Now that you know the most popular FP&A interview questions asked for this role, the next step is to identify the proper answers. When you are properly prepared, the way you answer these questions can provide you the ammunition to get the job.
A deeper dive into some key questions
Can you explain financial statements and why they help our company?
This question gives the interviewee an insight into what they need to know so that you have a grasp on the job requirements. Understanding the balance sheet means knowing how to identify assets, liabilities, and shareholders equity at a specific point in time. The financial statement outlines companies expenses and revenues over the said time frame, which could be broken into quarters or yearly.
When looking for accurate, operating, investing, and financial activities over a time period like, you would look at the cash flow statement. These three key financial statements show the complete picture of a company’s financial health, it will be your job to diagnose these statements.
What does it take to be an effective financial planning analyst?

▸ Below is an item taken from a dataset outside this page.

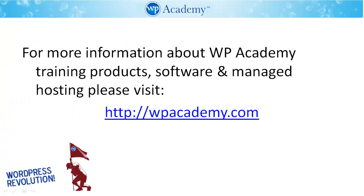For more information about WP Academy training products, software, and managed hosting, please visit wpacademy.com.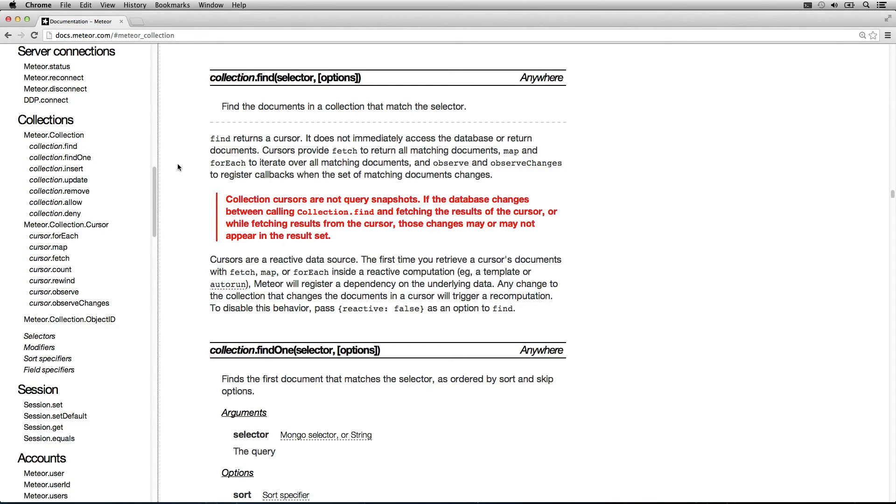And map and forEach to iterate over all the matching documents, and observe and observeChanges to register callbacks when the set of matching documents changes.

When answering this question remember to identify the core principles indicated by the Job Description. Often, these skills are the interviewee's ability to read analytical reports, how you present your information, and how you use the necessary soft skills to effectively complete the job.
Can you explain the difference between budgeting & forecasting?

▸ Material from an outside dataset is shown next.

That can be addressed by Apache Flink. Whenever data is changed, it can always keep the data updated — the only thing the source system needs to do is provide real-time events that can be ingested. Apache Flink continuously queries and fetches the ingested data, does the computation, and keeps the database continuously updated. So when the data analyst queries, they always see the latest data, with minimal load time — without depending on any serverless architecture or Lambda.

In an interview for a FP&A role, they will want to know if you understand the difference between forecasting and budgeting. Answering this correctly is important. Budgeting is based on strategic planning for the future, while forecasting creates an estimation for what will happen to your company financially over a specific time frame. In most cases budgeting is a collaborative effort, meant to be set once a year unless it’s a rolling budget. A forecast takes incoming data and creates an approximate expectation of what will happen as a result of the new data. A forecast is typically updated every quarter.

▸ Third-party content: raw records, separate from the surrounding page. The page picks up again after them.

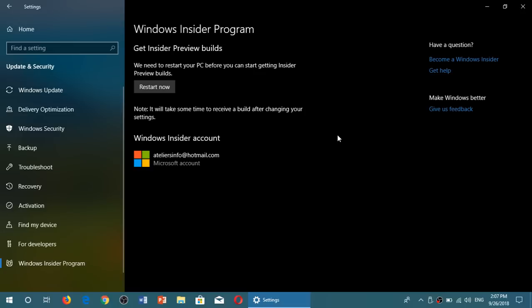And you will be back. It will ask you to restart again. And you will be back into what is the regular official October 2018 update.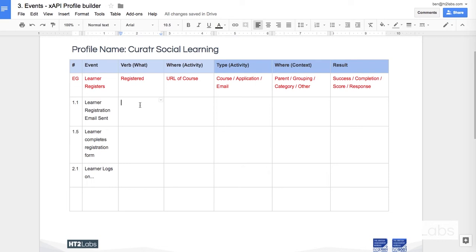As long as it conforms to the requirements of the specification, which fundamentally says that verb must be qualified with a unique identifier, then that is conformant to the specification.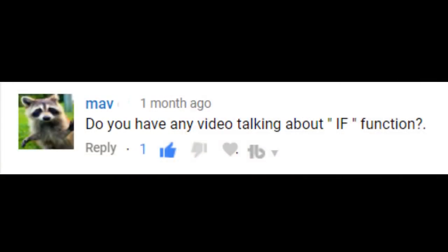Hi and welcome students. Today's tutorial will cover Microsoft Excel 2016 and we have a video request coming in from Mav, who asks: do you have any videos talking about the IF function? The IF function is basically an if-then statement put into Excel form. We're going to learn about this function in our functions and formulas tutorial, so let's get started.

How do you model revenues for a company?
One of the more common questions we found, and it offers you the ability to really dive into your knowledge pool. After taking a look at the company's current models, the recruiter would likely want you to explain the different methods to use in order to forecast revenues. As a financial planning analyst you should have a technical grasp on the three most used approaches which are:
- A bottom-up approach which starts directly with individual products/services, estimating average prices/fees per product or service and then it looks at the growth rates.
- A top-down approach starts by analyzing the overall market size, estimating the company’s market share, and then translating that into revenue.
- The year-over-year approach involves taking last year's revenue and increasing it or decreasing it by a particular percentage.
These are some of the core FP&A interview questions asked but are not all that you should know. Understanding a rolling budget or your knowledge of operating expense and revenue models are key to showcase your ability to do the job and that you possess the skills and knowledge to be effective at the position.
In conclusion, the process to prepare for an interview to get the job starts with knowing the company, knowing yourself, and showing your ability to communicate the information you have learned and accumulated can help that company grow. Alongside that, you will want to know and have feedback on the salary expectations according to the entry level and the company size.
Possessing a true growth mindset will set you apart from others interviewing for the same position.